If you want to do it the way nano and just about every other interactive terminal app does it, you probably want to use ncurses. That way you will spend less time implementing terminal control logic, and more time on the actual app you are developing.

OS independent clipboard copy/paste text in C

I'm working on a project that's supposed to work on both Windows and Linux (with an unofficial Mac port as well) that emulates a true colour system console.
My problem is that recently there appeared a request for textfield support (yes, console-based) and it would be cool to add the possibility of copying text to clipboard and pasting from it. Is there a way of achieving this that will:
be done in C (not C++),
work in both Windows and in Linux (preprocessor macros are an option if there's no platform-independent code),
require no extra libraries to link to?
Thanks in advance for your help.
If you're not using a cross platform UI library (like wx or something), then it sounds like you're just going to have to write native clipboard code for each platform you want to support.
Remember, on Macintoshes, you copy with Command-C, not Ctrl+C :)
The clipboard is inherently an operating system defined concept. The C language itself has no knowledge of what a clipboard is or how to operate on it. You must either interface directly with the OS, or use a portability library that does this on your behalf. There is no way around this.
Personally I would define my your own function
getClipboardText();
That is defined in two different header files (linux_clipboard.h, windows_clipboard.h, etc) and then do pre-proccessor stuff to load the appropriate one accordingly. I don't really code in C/C++ so I'm sorry if that didn't make any sense or is bad practice but that's how I'd go about doing this.
#if WIN32
#include windows_clipboard.h
#endif
That sort of thing
Remember:
For linux you have to deal with different window managers (Gnome, KDE) all with different ways of managing the clipboard. Keep this in mind when designing your app.
You may be able to communicate to the clipboard by using xclip. You can use this python script here to do this job via communicating with 'dcop' and 'klipper' here. That is for KDE, I do not know how it would be done under GNOME... You may also be able to do this independantly of either GNOME/KDE by using DBUS, although I cannot say 100% confidently on that either...

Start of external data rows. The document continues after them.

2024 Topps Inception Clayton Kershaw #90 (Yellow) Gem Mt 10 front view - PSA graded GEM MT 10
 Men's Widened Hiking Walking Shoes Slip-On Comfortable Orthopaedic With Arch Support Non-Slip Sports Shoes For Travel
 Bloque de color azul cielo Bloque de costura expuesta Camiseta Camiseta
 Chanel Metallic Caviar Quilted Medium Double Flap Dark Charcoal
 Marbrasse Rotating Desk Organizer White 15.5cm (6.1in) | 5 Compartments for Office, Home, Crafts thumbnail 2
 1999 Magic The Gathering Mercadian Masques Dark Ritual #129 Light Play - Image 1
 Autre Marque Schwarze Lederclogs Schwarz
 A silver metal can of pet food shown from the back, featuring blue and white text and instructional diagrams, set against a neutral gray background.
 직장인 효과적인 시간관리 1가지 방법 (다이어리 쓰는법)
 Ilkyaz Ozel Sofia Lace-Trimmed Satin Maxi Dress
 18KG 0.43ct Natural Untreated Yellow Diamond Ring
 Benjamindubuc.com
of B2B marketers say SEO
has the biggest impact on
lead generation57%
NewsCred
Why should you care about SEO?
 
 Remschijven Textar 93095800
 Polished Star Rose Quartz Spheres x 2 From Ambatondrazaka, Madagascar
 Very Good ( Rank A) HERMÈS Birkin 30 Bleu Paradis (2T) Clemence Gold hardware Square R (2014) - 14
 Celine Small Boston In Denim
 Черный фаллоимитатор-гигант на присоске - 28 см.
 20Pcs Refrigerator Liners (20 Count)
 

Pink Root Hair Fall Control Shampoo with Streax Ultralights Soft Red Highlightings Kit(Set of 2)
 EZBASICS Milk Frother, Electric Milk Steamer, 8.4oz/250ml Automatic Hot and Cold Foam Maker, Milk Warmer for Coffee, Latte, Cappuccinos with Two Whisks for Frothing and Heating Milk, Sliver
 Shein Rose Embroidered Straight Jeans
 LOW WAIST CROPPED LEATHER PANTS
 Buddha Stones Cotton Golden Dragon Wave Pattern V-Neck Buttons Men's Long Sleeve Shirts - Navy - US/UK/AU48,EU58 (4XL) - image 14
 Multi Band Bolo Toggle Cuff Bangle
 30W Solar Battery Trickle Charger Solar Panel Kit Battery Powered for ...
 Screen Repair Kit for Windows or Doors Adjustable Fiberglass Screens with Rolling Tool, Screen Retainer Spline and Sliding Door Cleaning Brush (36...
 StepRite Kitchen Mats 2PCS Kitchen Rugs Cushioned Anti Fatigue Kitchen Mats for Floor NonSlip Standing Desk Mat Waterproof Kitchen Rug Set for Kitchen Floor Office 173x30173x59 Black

Just be aware, that for a truly cross-platform job, you have to take into account of the different GUI's such as under Linux, X is the main window manager interface and either GNOME/KDE sits on top of it..I am not singling out other GUI's such as FluxBox, WindowMaker to name but a few, and that there will be a lot of platform dependant code, and also in conjunction, you will be dealing with Windows clipboard as well..all in all, a big integrated code...
Have you not considered looking at the raw X programming API for clipboard support? Maybe that might be better as I would imagine, GNOME/KDE etc are using the X's API to do the clipboard work...if that is confirmed, then the work would be cut out and be independant of the major GUI interfaces...(I hope that would be the case as it would make life easier for your project!)
Perhaps using compile-time switches, for each platform...WIN, KDE, GNOME, MAC or use the one that is already pre-defined..
Hope this helps,
Best regards,
Tom.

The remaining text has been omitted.